Escribe: Lic. Ps. Yasmin Buono. Cuesta creer: chupetes para adultos

En anteriores entregas he escrito sobre este tema preocupante como lo es el aumento en los niveles de ansiedad y estrés en la población mundial.

Parece haberse vuelto parte del paisaje cotidiano. Sin embargo, día a día las noticias nos sorprenden, y en este caso escribo sobre el surgimiento de chupetes para adultos en Asia, Europa y América.

Sí, es llamativo ¿verdad?, son objetos con un costo entre 40 y 50 euros diseñados especialmente para mayores de 18 años que buscan facilitar el sueño, dejar de fumar o reducir el estrés mediante la succión, un mecanismo asociado al consuelo temprano de la infancia.

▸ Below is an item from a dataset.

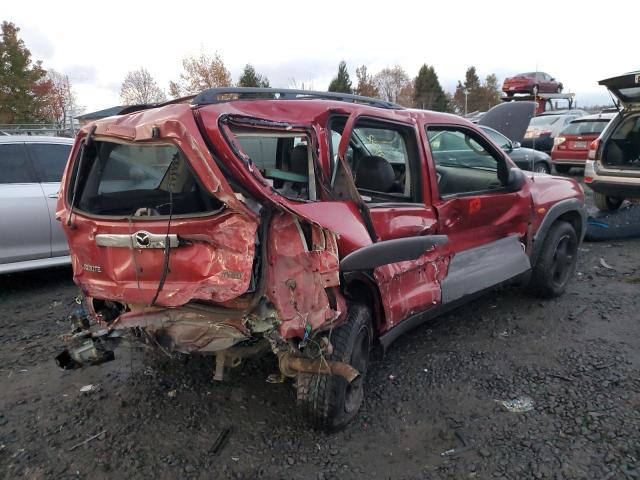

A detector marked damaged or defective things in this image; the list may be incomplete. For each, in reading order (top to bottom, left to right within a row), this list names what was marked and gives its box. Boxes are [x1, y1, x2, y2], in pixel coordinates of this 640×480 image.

severely damaged suv [55, 89, 584, 432]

Pero más allá de la anécdota pintoresca, este fenómeno nos invita a la reflexión sobre la sociedad y los tiempos que estamos transitando.

¿Regresión o autorregulación emocional?

La succión es uno de los primeros mecanismos de calma del ser humano. Donald Winnicott, reconocido pediatra y psicoanalista británico, describió los objetos de apego como aquello que ayuda al bebé o al niño a transitar la frustración y sentirse seguro. Desde esa mirada, el uso de estos elementos podría leerse como un intento de recuperar un espacio de protección frente a un mundo percibido como abrumador.

El psicólogo estadounidense James Gross, referente en regulación emocional, explica que los individuos buscan estrategias inmediatas cuando las emociones superan la capacidad de afrontamiento. Siguiendo esa línea, el chupete se volvería entonces una vía rápida para lograr bajar la tensión, aunque no necesariamente resuelva el conflicto de fondo.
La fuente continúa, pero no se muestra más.